Потом мы долго сидели на иссушенной солнцем земле, пахнувшей полынью, и смотрели, как вечер приглушает краски моря, будто натягивает темный маскировочный чехол.

- Сурикова именуют поэтом-самоучкой, - говорил Николай Иванович. - А между тем он - один из интереснейших представителей демократической поэзии прошлого века. Полными пригоршнями Суриков черпал из народной сокровищницы. Многие его стихи в свою очередь стали народными песнями. Вот послушай.

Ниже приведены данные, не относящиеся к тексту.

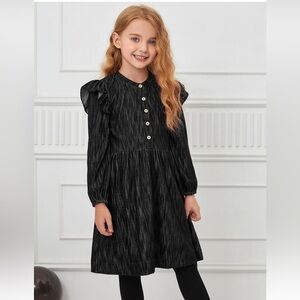 Girls Denim Dress Flutter Long Sleeve Classic Jean Blue Button Down  Size Large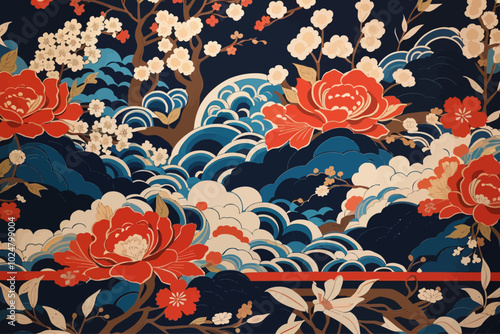 a pattern inspired on a feudal military japan illustration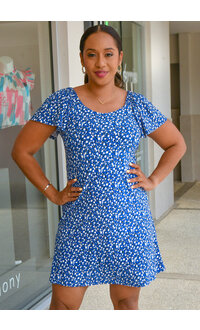 Signature IKIE- Puff Print Off Shoulder Dress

Николай Иванович снова читал, чуть нараспев, с придыханием, опустив на глаза тяжелые веки:

Ах ты, жизнь моя, жизнь, 

Жизнь, злодейка моя, 

Что ты, жизнь, мне дала, 

Когда молод был я? 

  

Только в сердце сожгла 

Ты горячую кровь, 

Только ты мне дала 

Без ответа любовь.

В другой раз мы заговорили об Александре Грине.

Я рассказал Рыленкову, как в детстве зачитывался рассказами и повестями Грина, но чем больше с годами узнавал о нем, в частности, о его человеческих чертах, тем больше как бы отстранялся от любимого когда-то автора. Мне хотелось, чтобы "Алые паруса" приходили бы к юным читателям и полюбились бы им так же, как и мне, но без тех подробностей об авторе, которые знал я.

- Чушь какая-то, - прервал меня Рыленков. - Вижу ясно корни ее. Это тебя еще в школе учили, что писатель - не художник, а продукт... Осудить Грина легко, особенно сегодня, когда он не может нам ответить. А ведь человек, взявшись за перо, ничего человеческого не утрачивает, а ведь все окружающее воздействует на писателя так же, как и на всех остальных грешных. Грин ошибался, не всегда вел себя так, как тебе хочется сегодня.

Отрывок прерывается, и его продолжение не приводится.